Requirement: Everything from the line containing "Coles Avatar" through the last line of the entries needs to be repeated exactly. Pictures must be left out.

** Opening Excerpted data block **

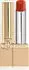 Burberry Brit Shine Lipstick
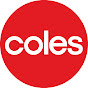 Coles Avatar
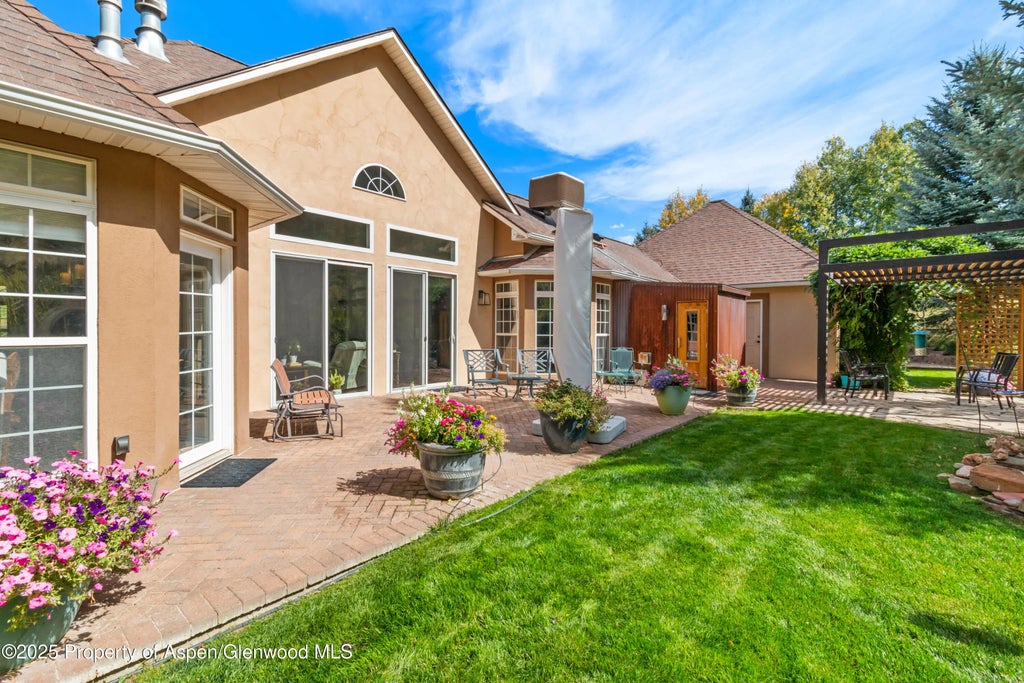 47 of 54 - 732 Huebinger Drive Drive, Glenwood Springs, CO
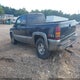 2GTEK19T0Y1377544 2000 GMC Sierra 1500 Sle auction photo thumbnail 3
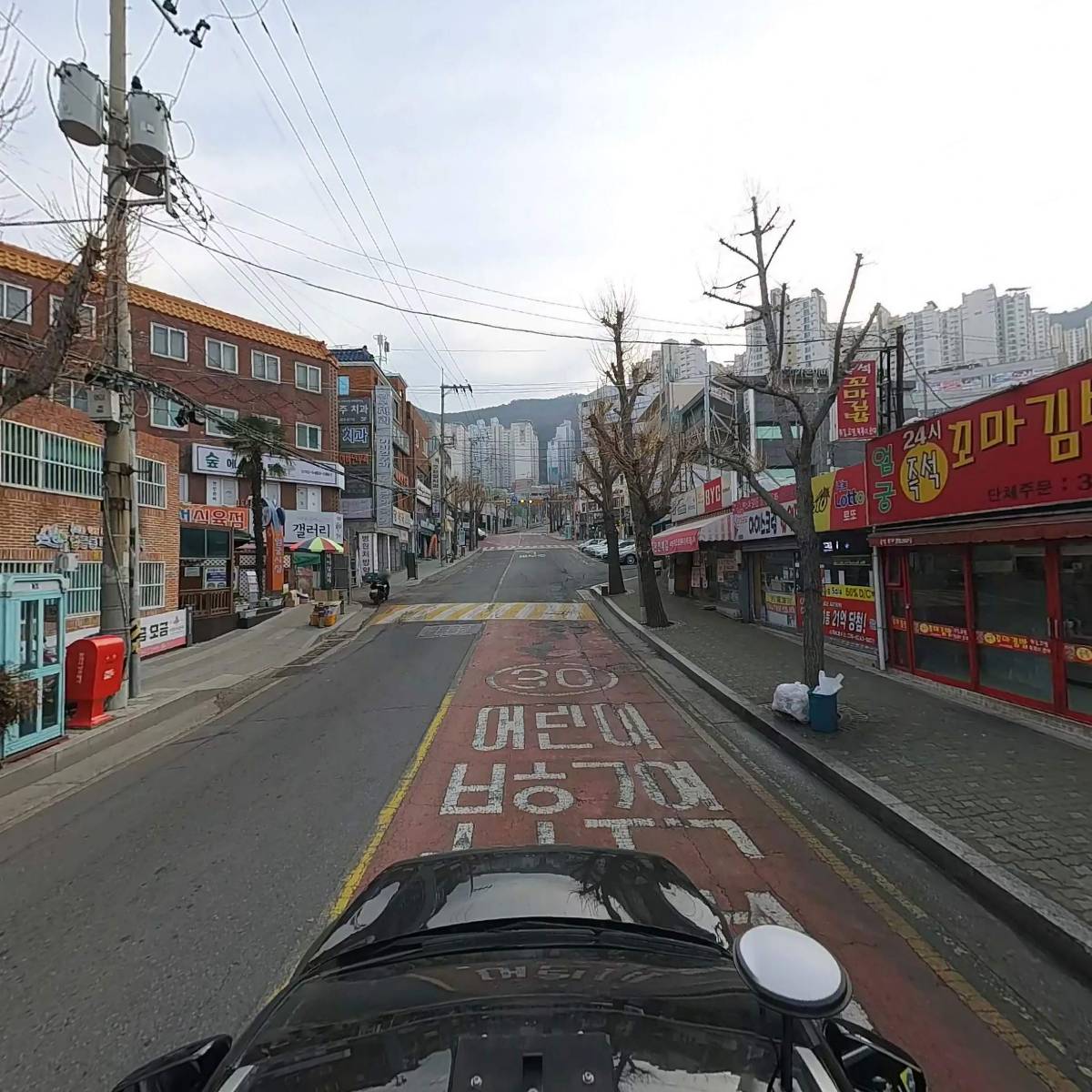 엄궁동행정복지센터_4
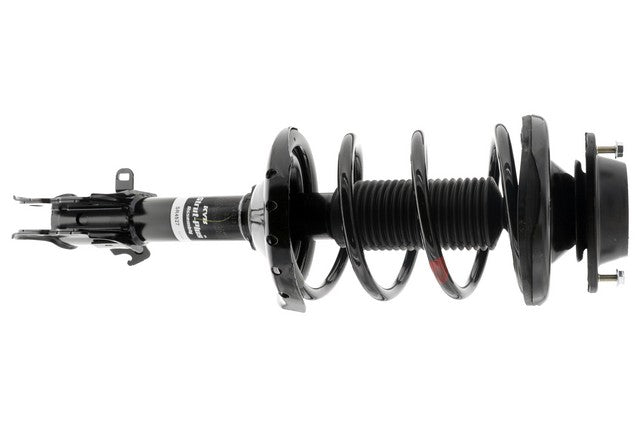KYB Suspension Strut and Coil Spring Assembly P/N:SR4527 Fits: Subaru Outback 14-13 - Image 1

** Closing Excerpted data block **

Output:
 Coles Avatar
 47 of 54 - 732 Huebinger Drive Drive, Glenwood Springs, CO
 2GTEK19T0Y1377544 2000 GMC Sierra 1500 Sle auction photo thumbnail 3
 엄궁동행정복지센터_4
KYB Suspension Strut and Coil Spring Assembly P/N:SR4527 Fits: Subaru Outback 14-13 - Image 1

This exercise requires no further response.